▸ **PROVIDED RECORDS**:
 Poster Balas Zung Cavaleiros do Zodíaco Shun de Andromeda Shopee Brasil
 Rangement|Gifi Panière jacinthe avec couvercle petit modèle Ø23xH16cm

* * *

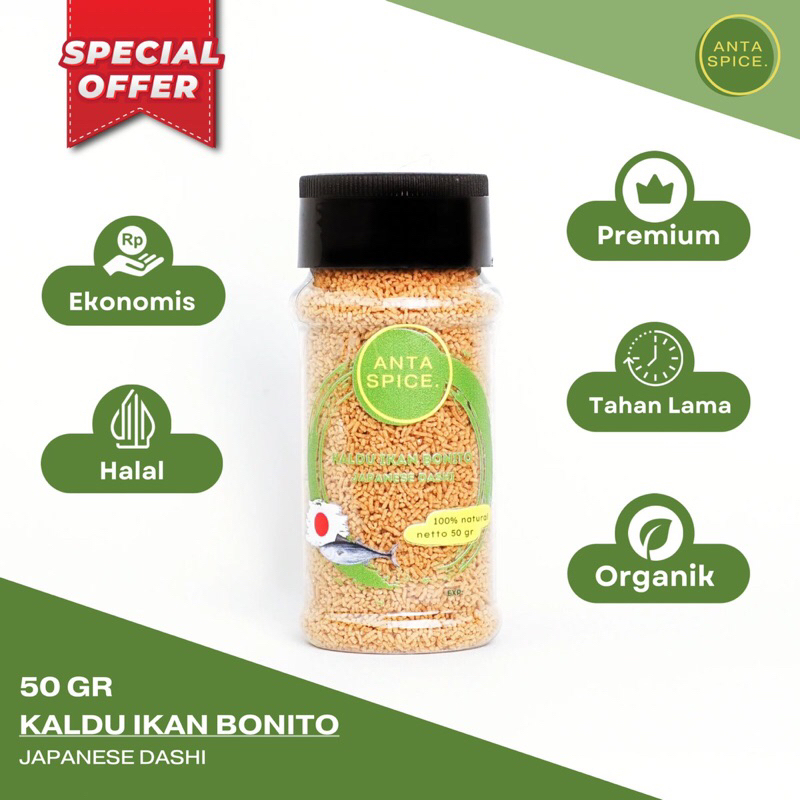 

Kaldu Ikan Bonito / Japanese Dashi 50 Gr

▸ **TASK DESCRIPTION**:
Set down, exactly as they stand above, the lines starting with the line with "Poster Balas Zung" and going on through the line with "Rangement|Gifi Panière jacinthe", and no others.

▸ **TASK RESPONSE**:
 Poster Balas Zung Cavaleiros do Zodíaco Shun de Andromeda Shopee Brasil
 Rangement|Gifi Panière jacinthe avec couvercle petit modèle Ø23xH16cm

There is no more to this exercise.